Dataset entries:
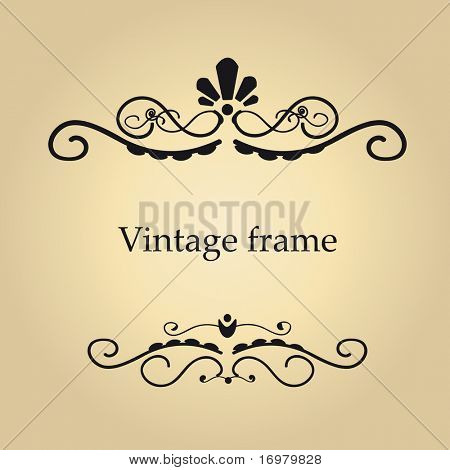 Quadro de vetor vintage.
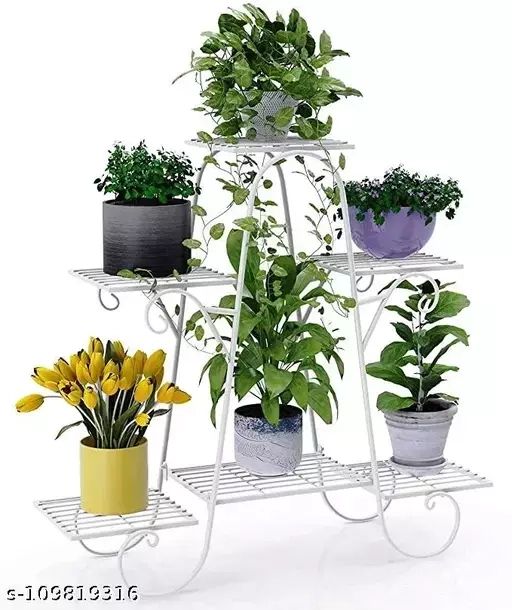 Kingwood Enterprises 6 Tier Plant Stands For Indoors And Outdoors, Flower  Pot Holder Shelf For Multi Pertaining To 32 Inch Plant Stands (View 14 of 15)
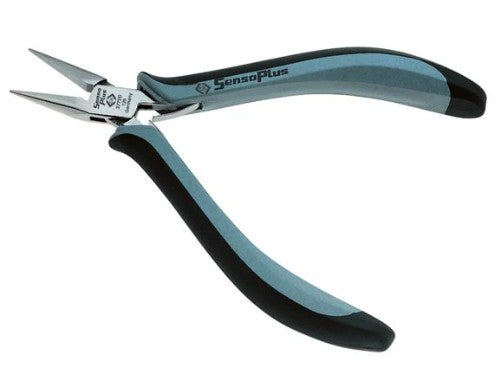 CK Plier Long Snipe Nose, Serrated, Esd, 120mm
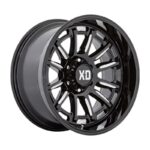 XD865 PHOENIX GLOSS BLACK MILLED 9.0x20 5/150 ET18 CB110.1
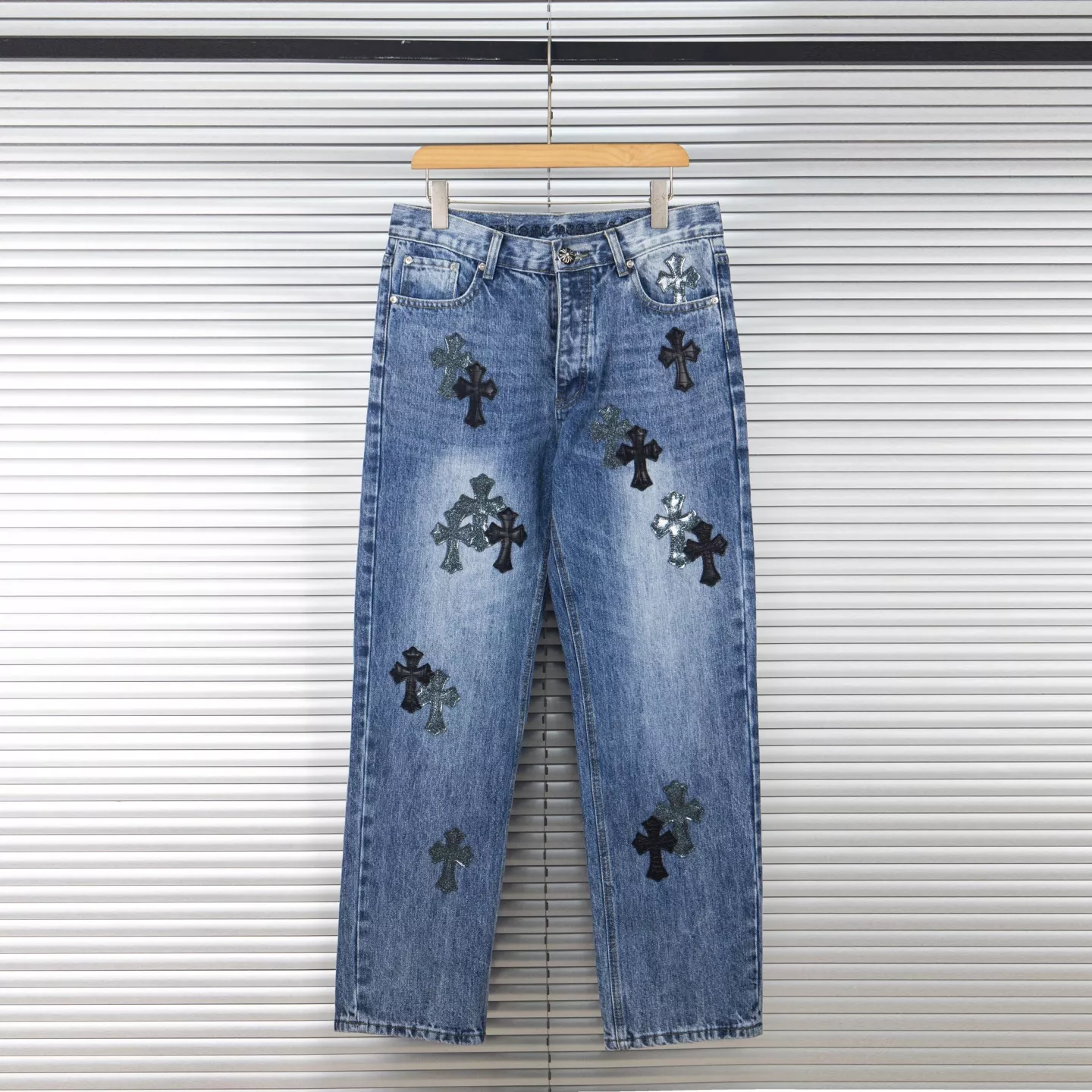 Chrome Hearts Jeans For Men Trendy 3376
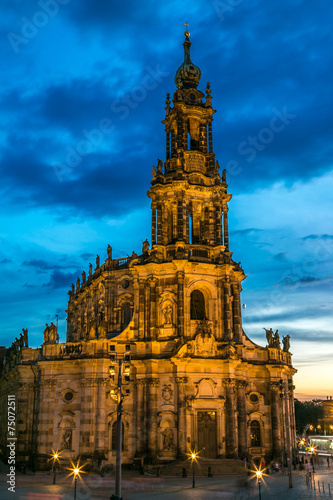Sunset view of Dresden.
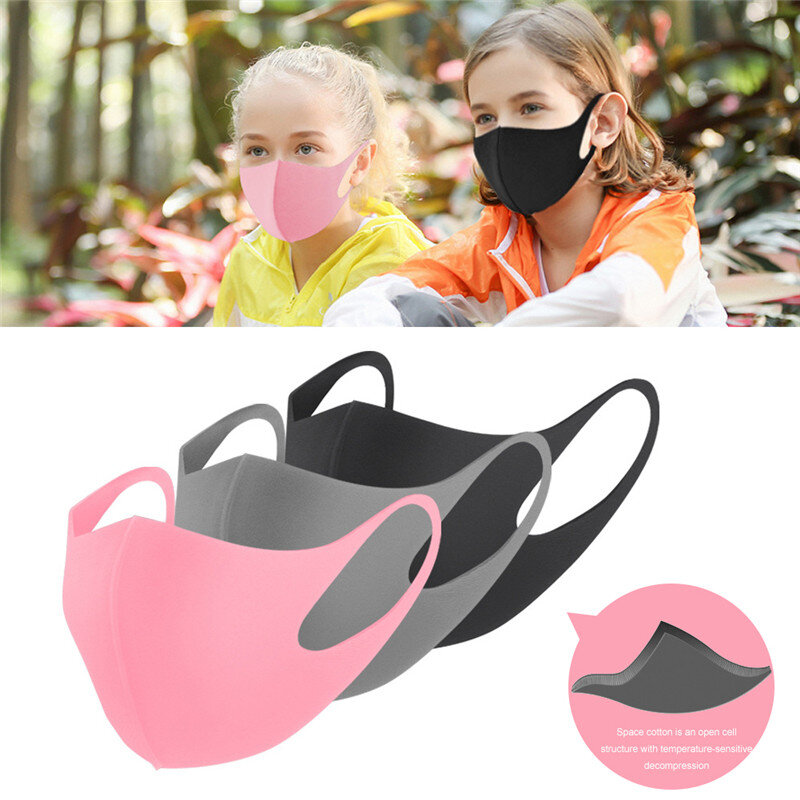 Anti poeira máscara protetora capa boca adulto crianças respirador lavável respirável máscara reutilizável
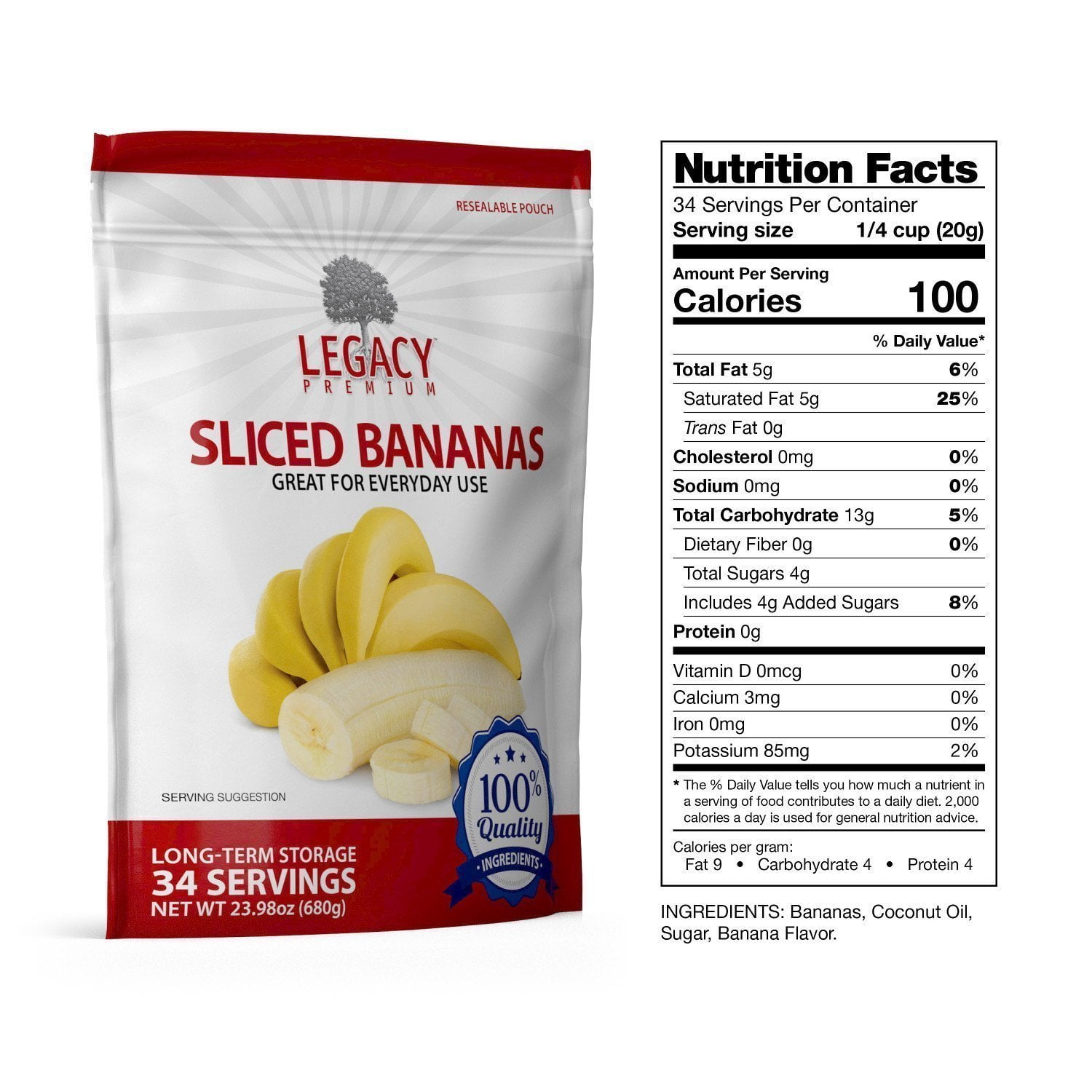 LE0012 Pouch w/ Nutrition Label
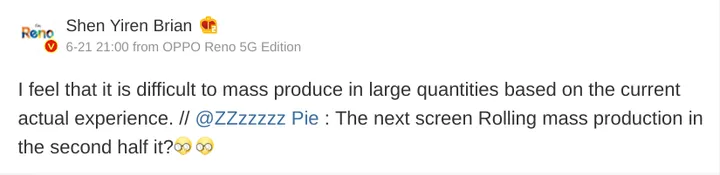 oppo on screen camera comment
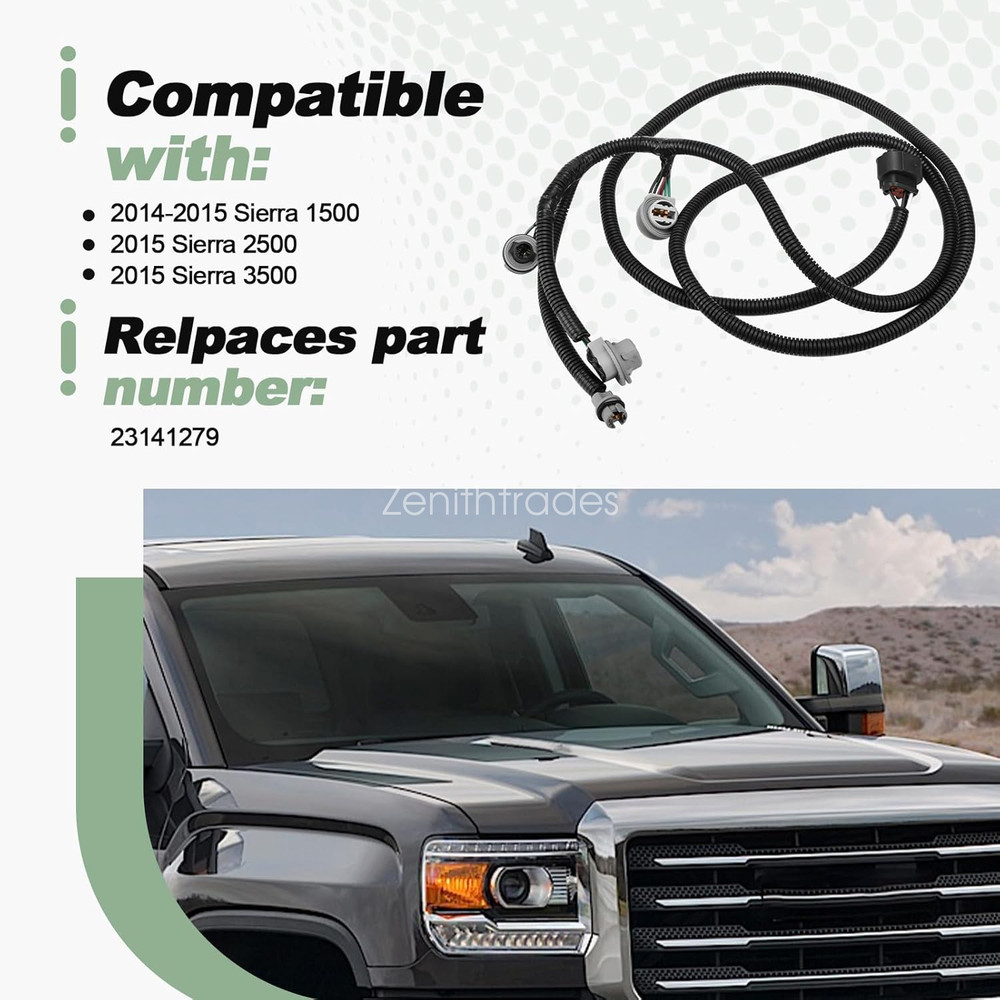 LH Side Tail Light Harness Wire & Socket For 2014-2015 Sierra 1500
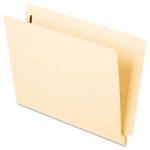 Pendaflex Laminated Spine End Tab Folder with 1 Fastener, 11 pt Manila, Letter, 50/Box PFX13140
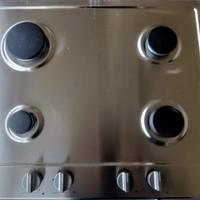 piano cottura acciaio inox Hoover da 60 cm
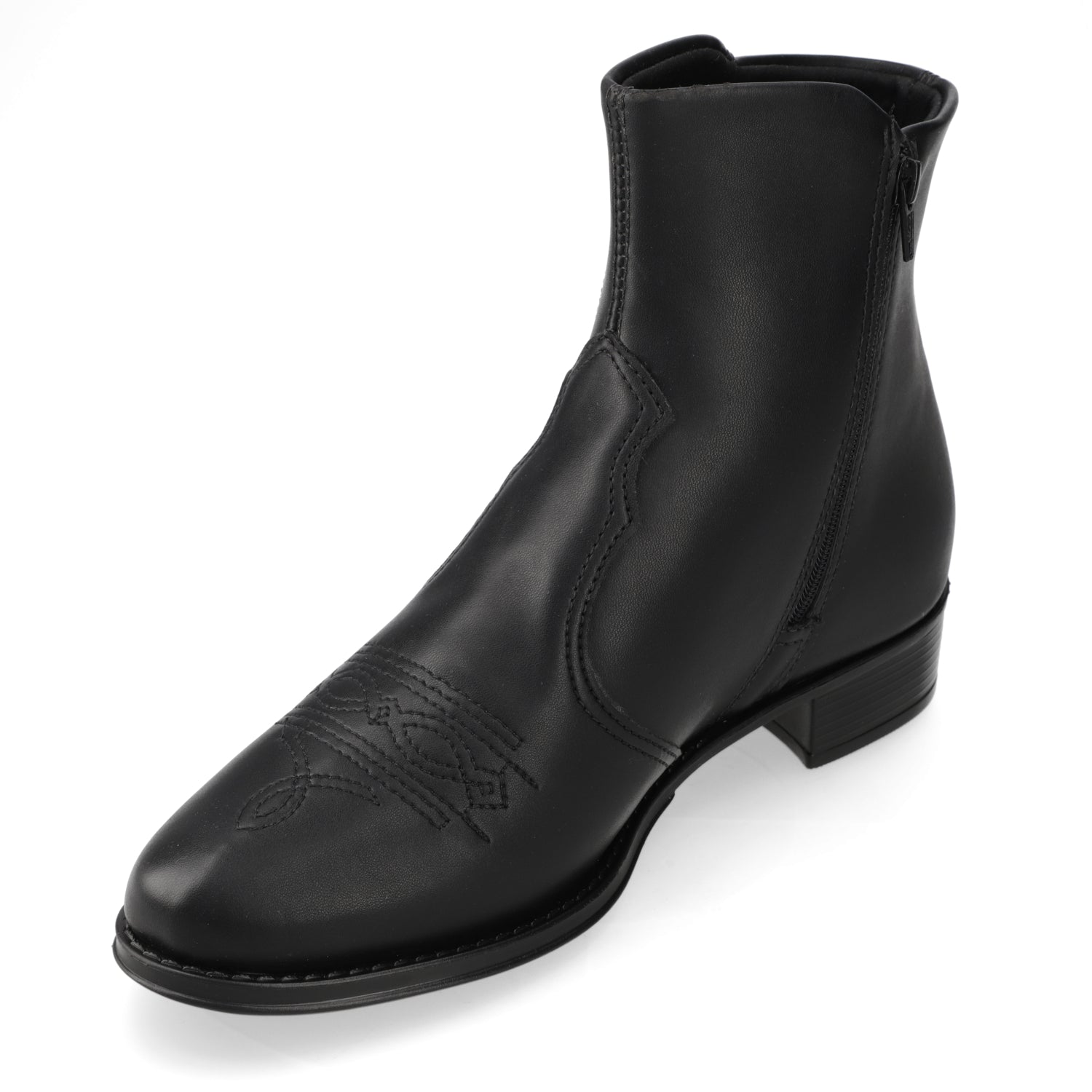 Botin Taco Ancho 3 cm Negro Beira Rio 35 / Negro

# [Exercise directions]
Take the entries shown above and quote them verbatim, passing over the pictures.

# [Answer below]
 Quadro de vetor vintage.
 Kingwood Enterprises 6 Tier Plant Stands For Indoors And Outdoors, Flower  Pot Holder Shelf For Multi Pertaining To 32 Inch Plant Stands (View 14 of 15)
 CK Plier Long Snipe Nose, Serrated, Esd, 120mm
 XD865 PHOENIX GLOSS BLACK MILLED 9.0x20 5/150 ET18 CB110.1
 Chrome Hearts Jeans For Men Trendy 3376
Sunset view of Dresden.
 Anti poeira máscara protetora capa boca adulto crianças respirador lavável respirável máscara reutilizável
 LE0012 Pouch w/ Nutrition Label
 oppo on screen camera comment
 LH Side Tail Light Harness Wire & Socket For 2014-2015 Sierra 1500
 Pendaflex Laminated Spine End Tab Folder with 1 Fastener, 11 pt Manila, Letter, 50/Box PFX13140
 piano cottura acciaio inox Hoover da 60 cm
 Botin Taco Ancho 3 cm Negro Beira Rio 35 / Negro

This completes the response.